The study demonstrates that coupled Gaussian wave packets can explore both stable and unstable solutions of the Gross-Pitaevskii equation, providing new insights into collapse phenomena.

Findings

Identification of pitchfork bifurcation leading to instability

Gaussian wave packets effectively model collapse dynamics

Clarification of the collapse mechanism in dipolar condensates

Abstract

We demonstrate that the method of coupled Gaussian wave packets is a full-fledged alternative to direct numerical solutions of the Gross-Pitaevskii equation of condensates with electromagnetically induced attractive 1/r interaction, or with dipole-dipole interaction.
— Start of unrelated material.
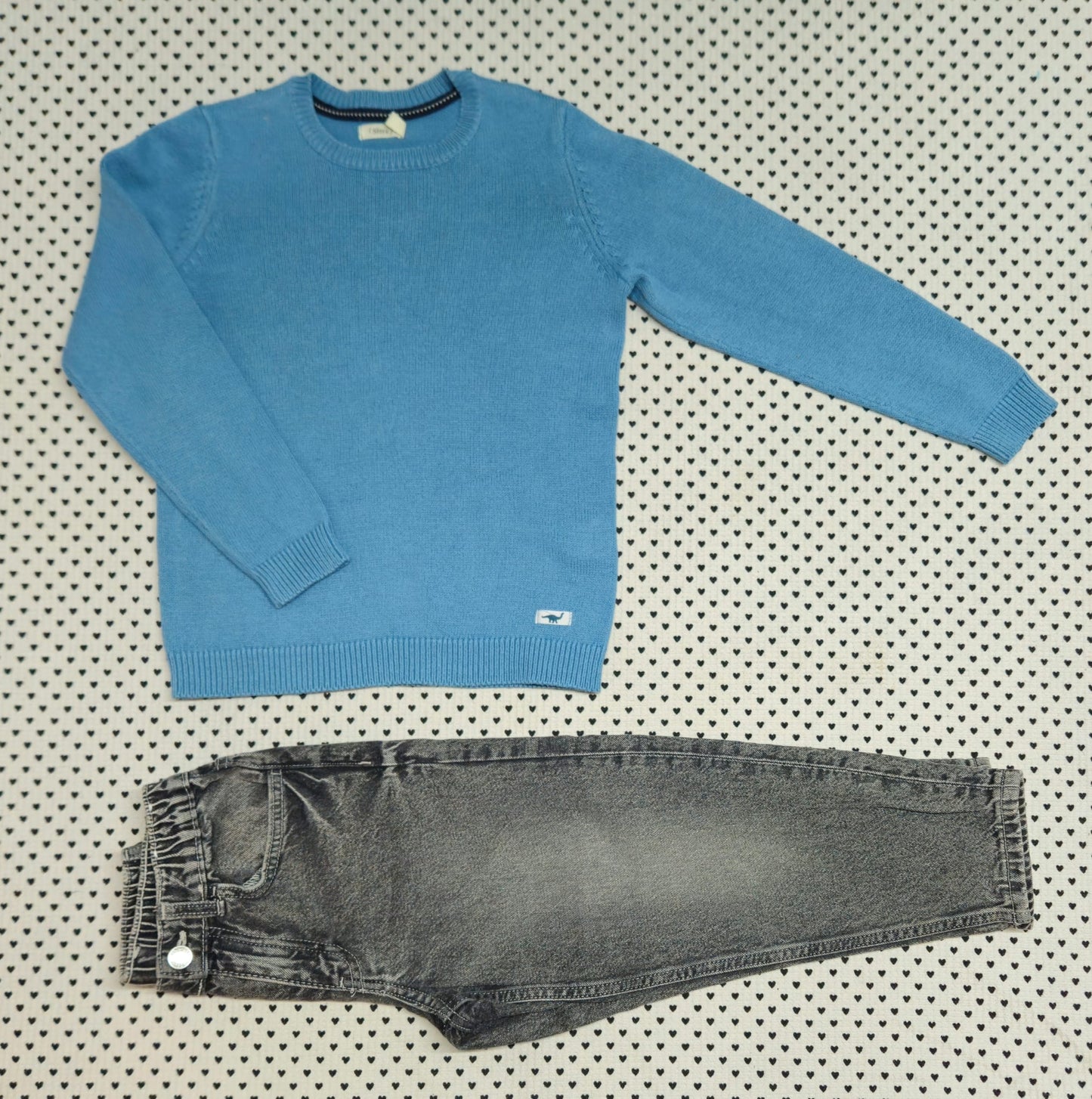 Kids | Junge | 2-tlg. Set: Strickpullover (Sfera) und Jeanshose (H&M), Gr. 116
Moreover, Gaussian wave packets are superior in that they are capable of producing both stable and unstable stationary solutions, and thus of giving access to yet unexplored regions of the space of solutions of the Gross-Pitaevskii equation. We apply the method to clarify the theoretical nature of the collapse mechanism of blood-cell shaped dipolar condensates: On the route to collapse the condensate passes through a pitchfork bifurcation, where the ground state itself turns unstable, before it finally vanishes in a tangent bifurcation.